The interview process for me, was reasonably friendly with some cute interrogative techniques thrown in there for good measure to throw me off balance and reveal the truth about my possible unflattering disposition towards Israel, or inadvertently admit that I was not who I say I was. I guess everybody has to earn his/her living and think that they are damn clever at doing it. But my investigator was as cocksure as one gets when one feels the steely grit of power in one’s spine.

Israeli drivers are generally a cross between a Lahore and a New York driver—that is they are insanely aggressive when they know how to drive—which is not always a given even if one is operating a vehicle in Lahore as in Israel. Forty minutes of a taxi drive contemplating mortality, appropriately instilling the fear of God in me on my way to God’s capital city–finally got me to Jerusalem.
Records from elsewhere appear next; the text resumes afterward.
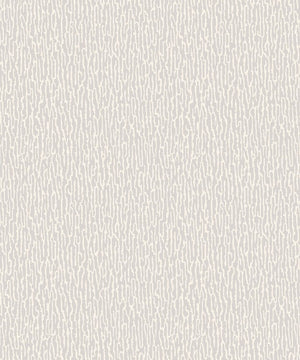 Lyserød tapet m. krakeleret stil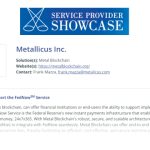 Federal Reserve’s FedNow will integrate with Metal Blockchain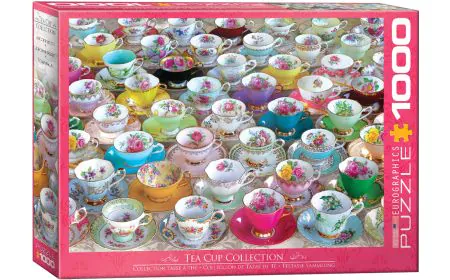 Eurographics Puzzle 1000 Pc - Tea Cups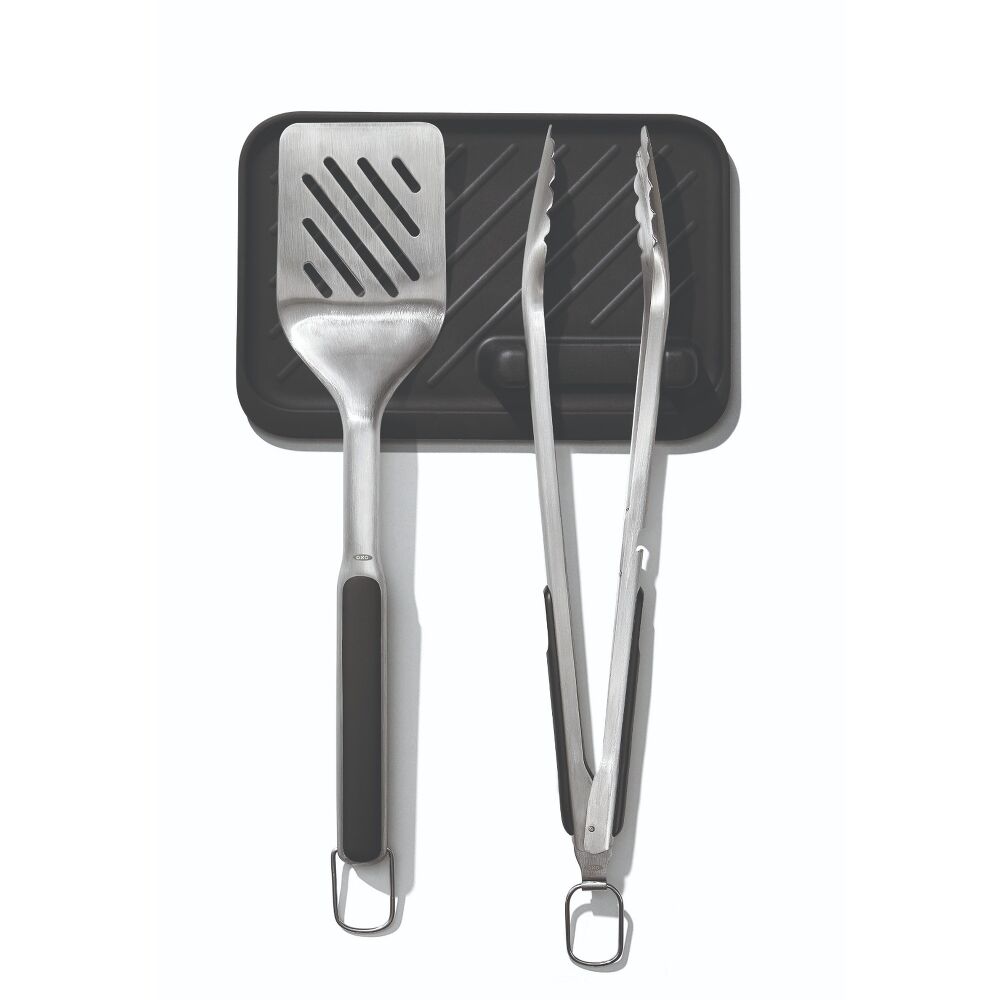 Outdoor 3-Piece Grilling Tool Set L9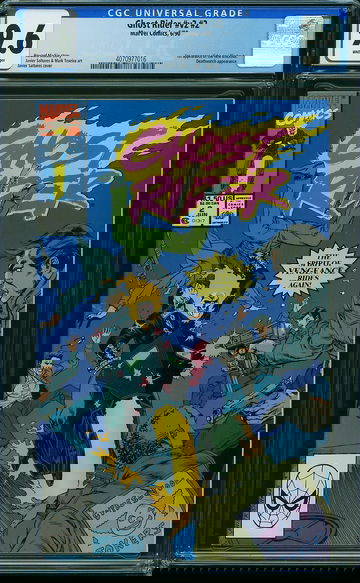 GHOST RIDER v2 #2, CGC 9.6 NM+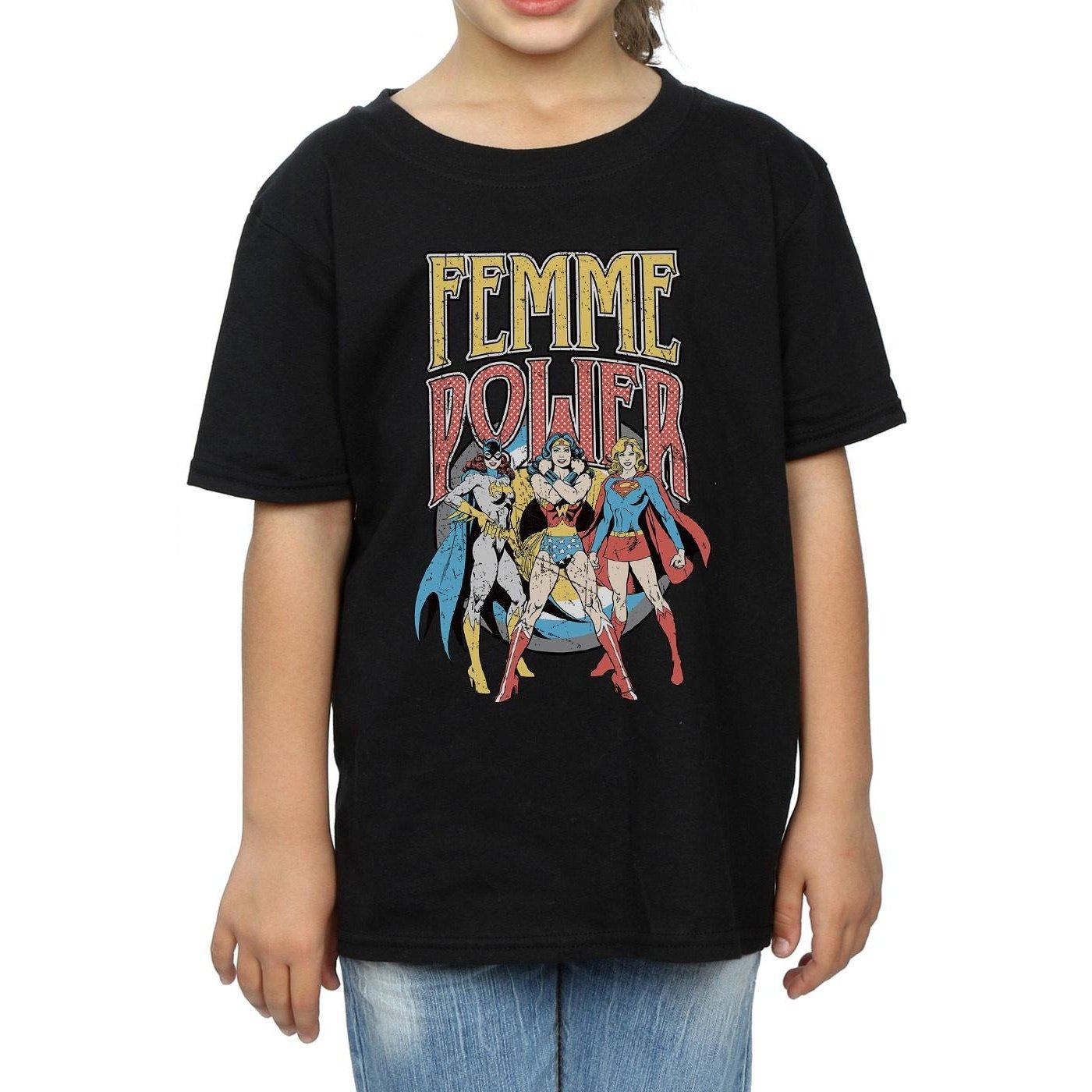 DC COMICS  Femme Power TShirt 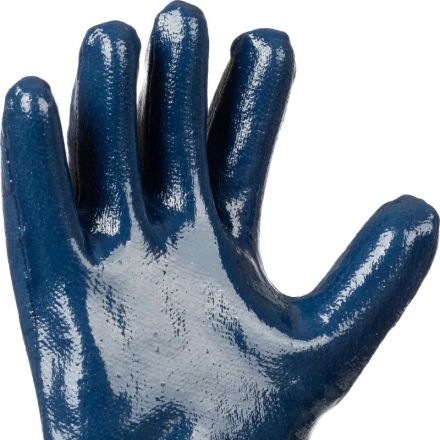 Перчатки защитные TopFort Шелдер Н КП с полным нитриловым покрытием р.9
Jerusalem is like the Hindu deity Agni. It has two faces—one of immortality—and Jerusalem of the mind, and of this Earth is closer to immortality than any other. And the other of the unknown symbol of life—perhaps an aspirational vision of life different from the one we live in contemporary modernity, for which Al-Quds could be the stage. But more than the two faces, like the fire god Agni who is the messenger to other gods, Jerusalem has plenty of iron and fire in its past and present, and it is after all the staging post for communion with the Abrahamic God. But as a Hindu travel companion in Jerusalem reminded me—“tum sala [You silly] Abraham followers have one God who plays favorites amongst you—there are enough gods and their Jerusalems for us Hindus to not have to fight over them.” True—we Muslims and them Jews and Christians have only one Jerusalem—and it is the tale of my communion with the place and the ideas of it that I will narrate in my next essay.